### Exercise instructions:
Without altering a word, return the records below, but exclude the pictures.

### Pictures with short captions:
━━━━━━━━━━━━━━━━━━━━

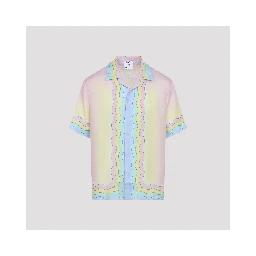 Casablanca For The Love of Dance Shirt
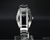 Rolex Datejust 41mm 126300 Blue Index Dial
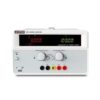 Nguồn tuyến tính một chiều (DC) Matrix MPS-20002H-1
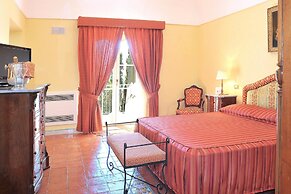 Villa Jasmine in Sant Agata sui Due Golfi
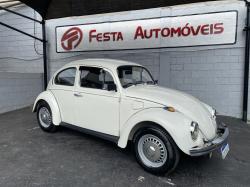 VOLKSWAGEN Fusca 1.3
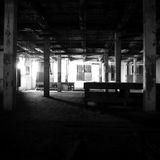 Dark Techno Set. Naamlos. 02.2016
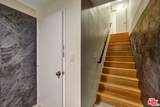 9634 Via Rimini - Photo 25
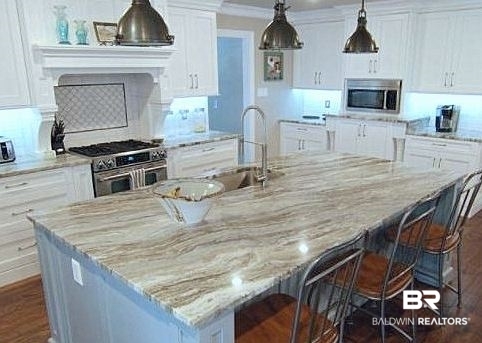 10110 Longview Drive Foley, AL 36535 - Photo 2 of 42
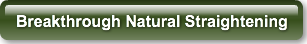 breakthrough-natural-straightening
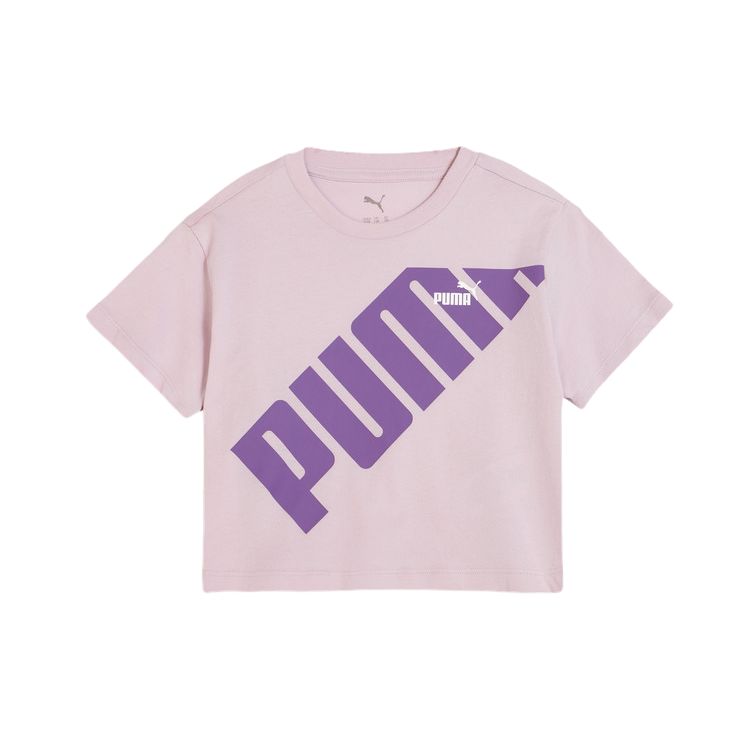PUMA Футболка POWERSHORTS Light Purple 60, Фиолетовый, PUMA Футболка POWERSHORTS Light Purple 60
PUMA Футболка POWERSHORTS Light Purple 60, Фиолетовый, PUMA Футболка POWERSHORTS Light Purple 60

━━━━━━━━━━━━━━━━━━━━

### Answer to this exercise:
 Casablanca For The Love of Dance Shirt
 Rolex Datejust 41mm 126300 Blue Index Dial
 Nguồn tuyến tính một chiều (DC) Matrix MPS-20002H-1
 Villa Jasmine in Sant Agata sui Due Golfi
 VOLKSWAGEN Fusca 1.3
 Dark Techno Set. Naamlos. 02.2016
 9634 Via Rimini - Photo 25
 10110 Longview Drive Foley, AL 36535 - Photo 2 of 42
 breakthrough-natural-straightening
PUMA Футболка POWERSHORTS Light Purple 60, Фиолетовый, PUMA Футболка POWERSHORTS Light Purple 60
PUMA Футболка POWERSHORTS Light Purple 60, Фиолетовый, PUMA Футболка POWERSHORTS Light Purple 60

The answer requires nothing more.